The weighting of the selection criteria for the awards gives 50% to the individual’s record, 20% for the project’s strategic alignment with the proposed host university and 20% for collaboration evidence (with industry, across institutions, or across disciplines). It also awards 10% for areas of national priority, which will set limits on the kind of research that will ever be funded through this scheme.

The model seems to be based on the Federation Fellowships currently available for senior scholars but this is problematic in a number of ways. Firstly, fellowships are timed to begin in the second half of the year, which doesn’t match the current ARF/APD cycle. Wasn’t the whole point to offer continuity for research careers, and alleviate the anxiety and time commitment of having to apply for funding far in advance of when it was really needed? Apparently not - the document reveals how much these fellowships are being targeted to bringing overseas Australians back home to work.
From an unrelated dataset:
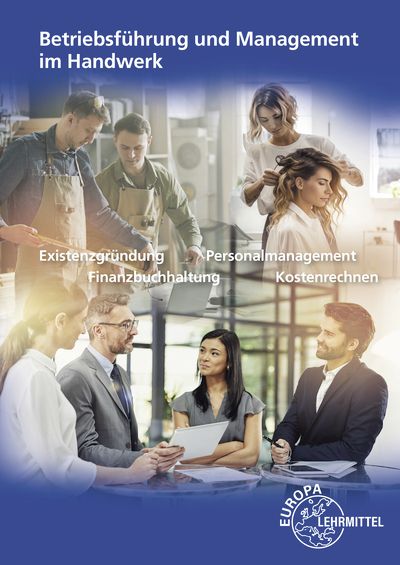 Produktbild: Betriebsf&uuml;hrung und Management im Handwerk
Secondly, it puts a lot of onus on young researchers to sell themselves to an employer for top dollar when technically they may have only been out of their PhD for 5 years. It takes longer than that to be able to wield bargaining power or monetize networks, even if such objectives were really key to producing world-class scholarship. This model also means young researchers will be pressured to place themselves in the established research areas of universities they may have little or no relationship with, and spend valuable time trying to build that relationship without any financial backing, or when they may be only half way through a current project.

Finally the draft makes no mention of support for parental leave during the fellowships and how this affects part-time or full-time transitions during the overall limit of 6 years. Can we expect people who are the likely candidates for these grants to have had the time to have any, let alone all their babies?
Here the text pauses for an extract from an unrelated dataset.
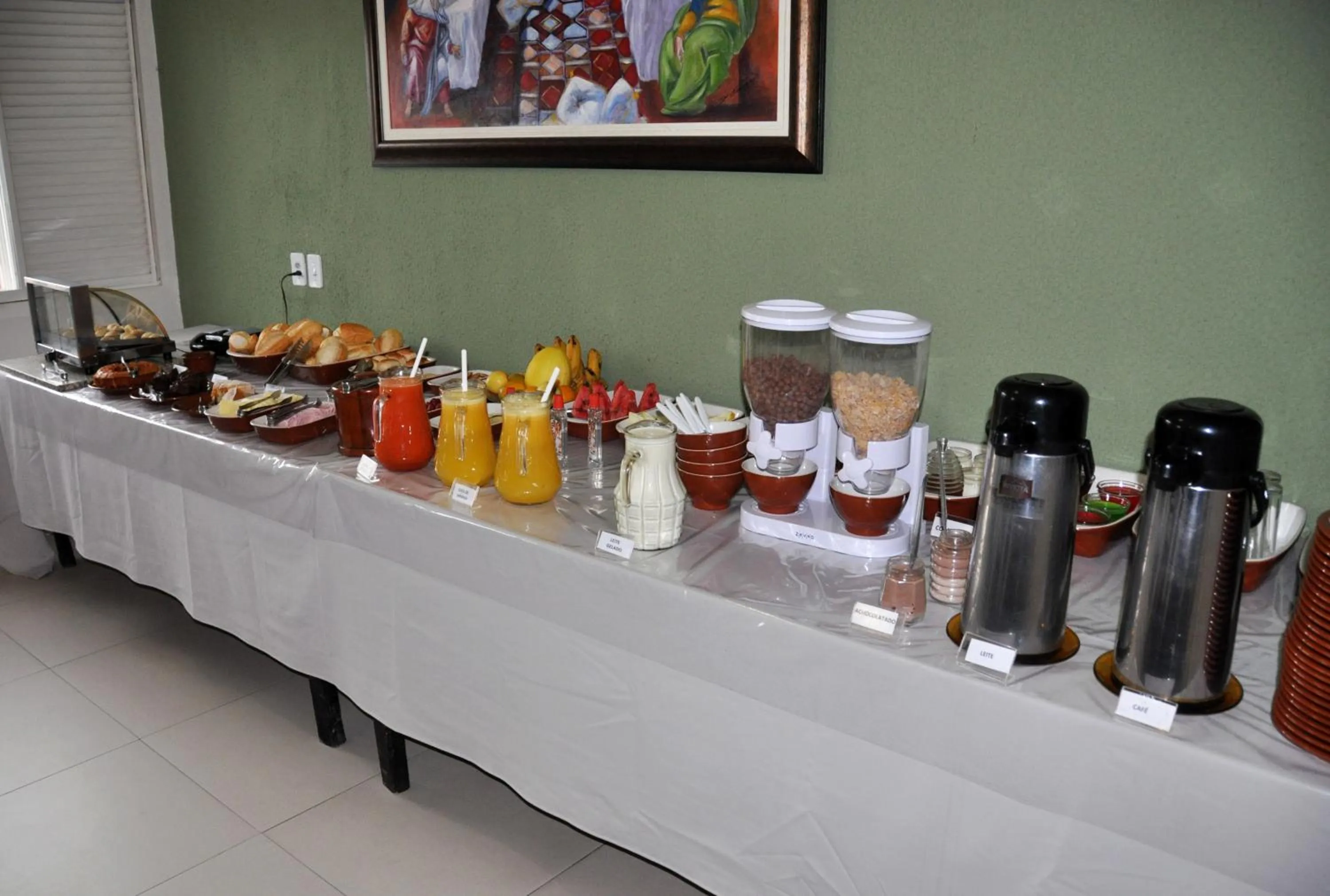 Restaurant/places to eat in Hotel Oriente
I hope others will feel compelled to respond to the draft (submissions close June 27). We are used to having to feel grateful for any kind of initiative to boost research spending in this country, but these abstract documents need to be populated by and interrogated with the concerns of actually existing, not to mention aspiring researchers.

Comments

3 Responses to “Future Fellowships - feedback”

  1. Emily
    May 29th, 2008 @ 4:00 pm

    Mel, if others feel as you do about this (which I certainly do) what do you think about a group (and co-signed) response to the draft?
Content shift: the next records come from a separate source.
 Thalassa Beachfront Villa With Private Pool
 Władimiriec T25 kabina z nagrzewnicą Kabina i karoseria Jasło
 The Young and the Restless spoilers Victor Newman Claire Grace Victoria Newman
    As a related aside, did anyone else feel rankled to read in yesterday’s higher ed (in reference to the impending retirements of aging academics) that there is a ‘lost generation’ of academics in their 20s and 30s - lost, according to the author, ‘for unknown reasons’. I nearly choked on my museli. Unknown reasons? What a joke.

  2. melgregg
    May 30th, 2008 @ 10:13 am

    Yes, a group response sounds good. If people want to follow through on this do get in touch with either Emily or moi.

  3. clif
    May 30th, 2008 @ 2:53 pm

    harumph … no babies for you!

    Bloody women and their demands. You want a research job or not?